Make an exact copy of all the entries below, with the pictures left out.

==========

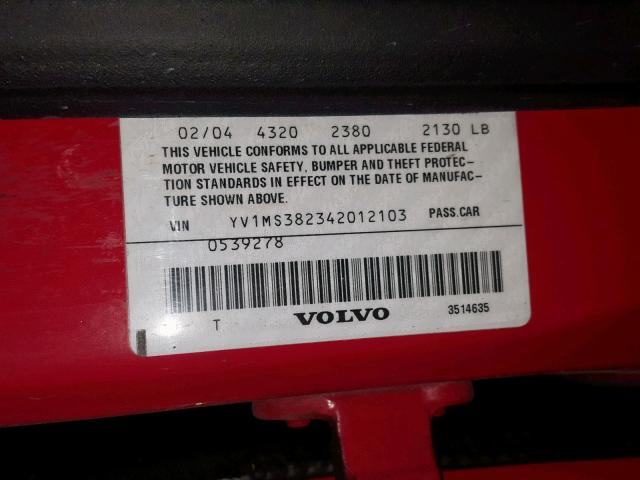 YV1MS382342012103 - 2004 VOLVO S40 2.4I RED photo 10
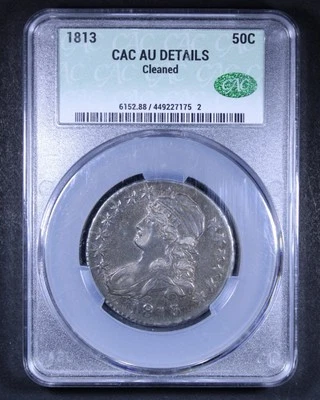 Монета номиналом 50 центов 1813 с изображением бюста и крышкой CACG AU детализация - Изображение 1 из 4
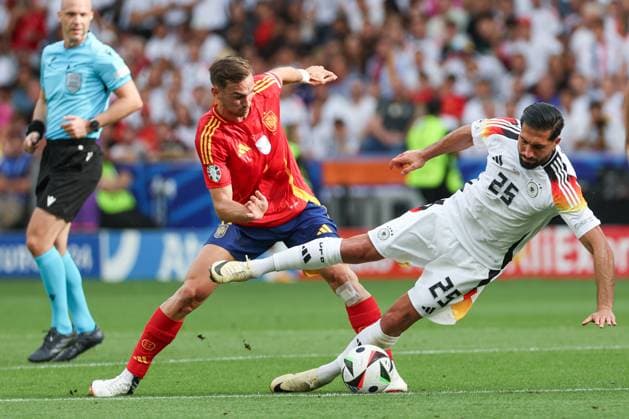 Euro 2024 Spain Germany on 05 07 2024 at Stuttgart Arena in Stuttgart Emre Can Germany 25 vs Fabian Ruiz Spain 8 MH
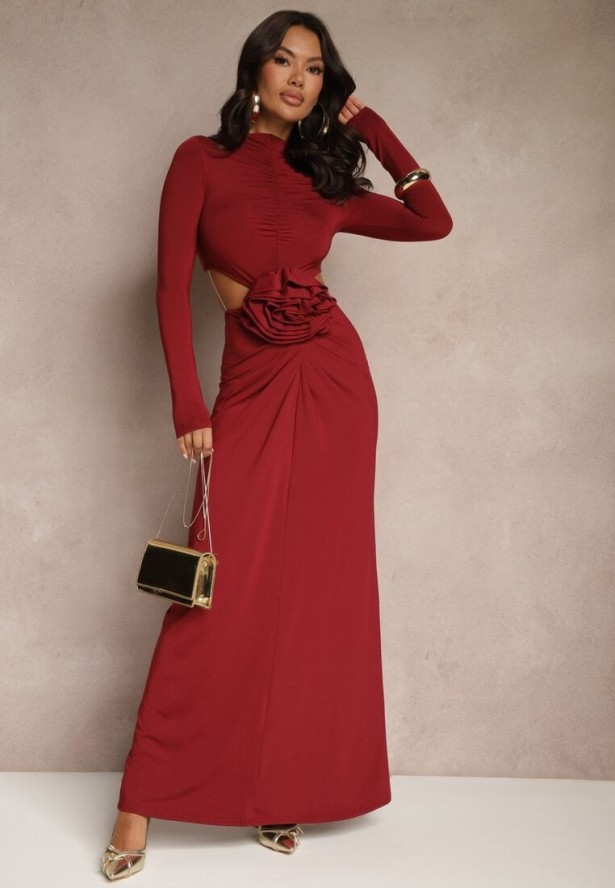 Bordowa Koktajlowa Sukienka z Wiskozą Ozdobiona Kwiatem 3D i Wycięciami Hannith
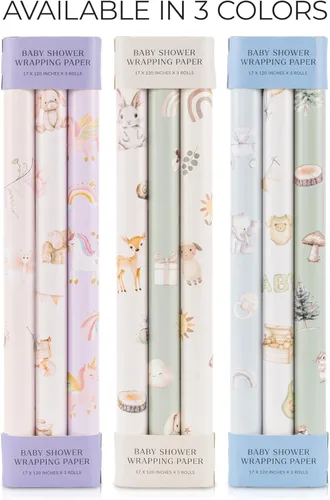 Miniatura 9 de ZICOTO Hermoso rollo de papel de regalo para baby shower, bonito juego de 3 rollos de calidad para cumpleaños y baby showers, añade un toque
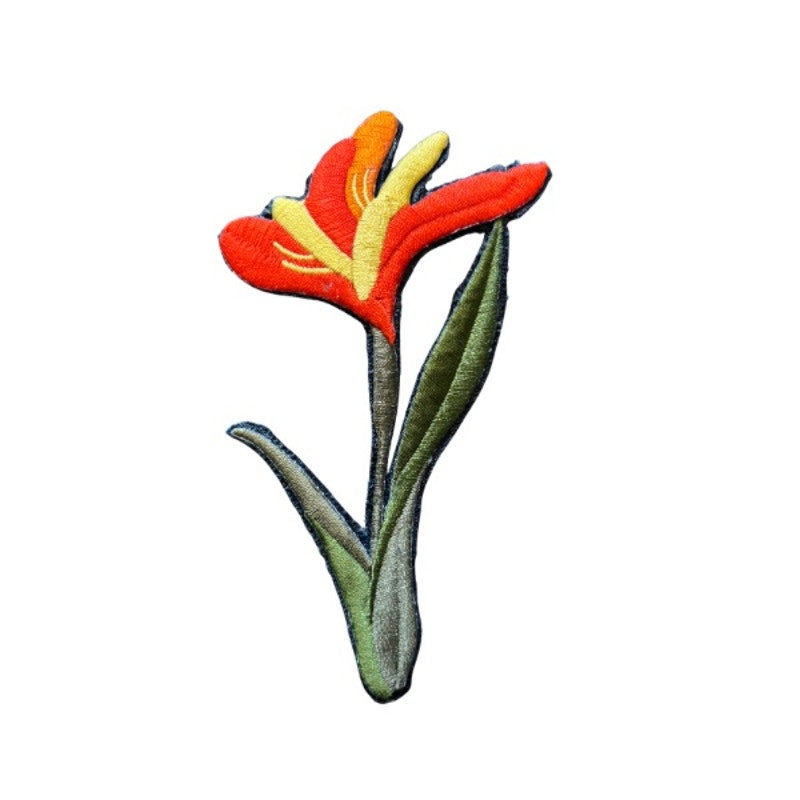Orange and Yellow Amaryllis Flower Vintage Embroidered Patch Pin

==========

* **SOLUTION**
 YV1MS382342012103 - 2004 VOLVO S40 2.4I RED photo 10
 Монета номиналом 50 центов 1813 с изображением бюста и крышкой CACG AU детализация - Изображение 1 из 4
 Euro 2024 Spain Germany on 05 07 2024 at Stuttgart Arena in Stuttgart Emre Can Germany 25 vs Fabian Ruiz Spain 8 MH
 Bordowa Koktajlowa Sukienka z Wiskozą Ozdobiona Kwiatem 3D i Wycięciami Hannith
 Miniatura 9 de ZICOTO Hermoso rollo de papel de regalo para baby shower, bonito juego de 3 rollos de calidad para cumpleaños y baby showers, añade un toque
Orange and Yellow Amaryllis Flower Vintage Embroidered Patch Pin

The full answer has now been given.